研究課題: 生体情報処理のデータ駆動的解読と数理モデリング

プロジェクト代表者: 本田 直樹 (京都大学生命科学研究科 准教授)

研究概要

近年、蛍光顕微鏡や次世代シーケンサを代表とする計測技術が発展し、生体組織における分子活性や遺伝子発現量がハイスループットに計測され、膨大なデータが得られる時代になっている。生命科学は今まさに計測データと解読技術の融合を必要としており、データの裏に潜む規則性やメカニズムを抽出する解読技術は、次世代の生命科学における基盤技術となることが期待されている。

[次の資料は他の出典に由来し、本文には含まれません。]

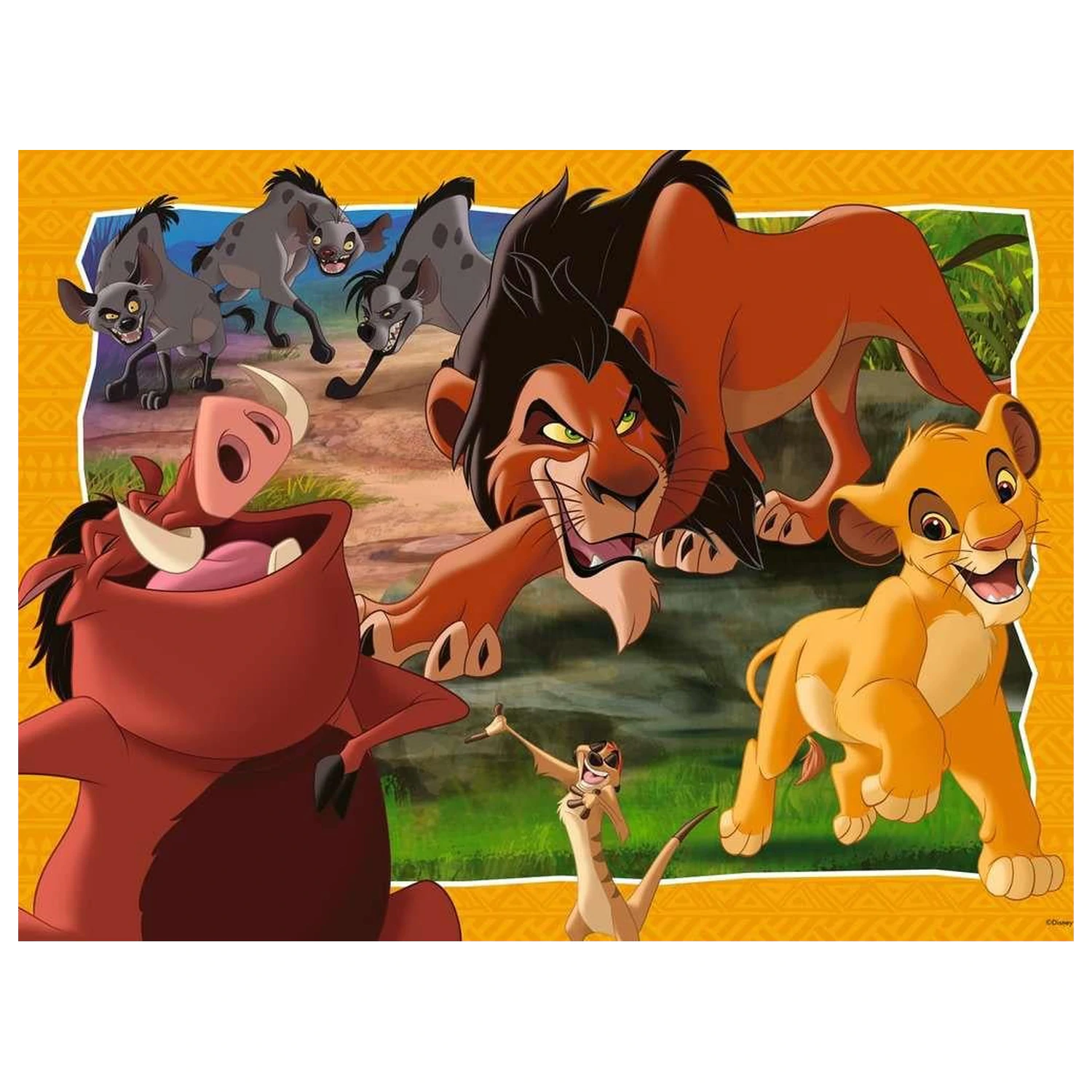 The Lion King Hakuna Matata Puzzle XXL (200 sztuk) zdjęcie produktu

本プロジェクトでは、様々な階層(細胞・多細胞組織・免疫・神経回路・神経活動・行動)で計測されるデータを対象に、これまで未知であった生物学的メカニズムをデータ駆動的に明らかにし、生命をシステム的に理解するための新しい理論体系を打ち出すことを目指す。具体的なアプローチとして、生物はある目的(生命機能)を達成するために、外界からの入力を内部で処理し、適切な出力を生成する計算システムと捉える。そして、問うべき問題を「生体内で行われる情報処理」および「その物理的実装法」 に分解する。前者に対しては、定量的データから機械学習を用いて生体内情報処理の解読を行う。後者に対しては、ボトムアップ的に生物学的プロセスを数理モデル化することで情報処理を支える生物学的プロセスを明らかにする。このような問題の分解によって、生命機能を計算論的意義とその物理的実装の二つの視点からシステマティックに理解することを可能にする。これら開発された技術は生命創成探究センターのグループと共有され、緊密な連携によって、生命システムの本質理解に向けた共同研究を推進する。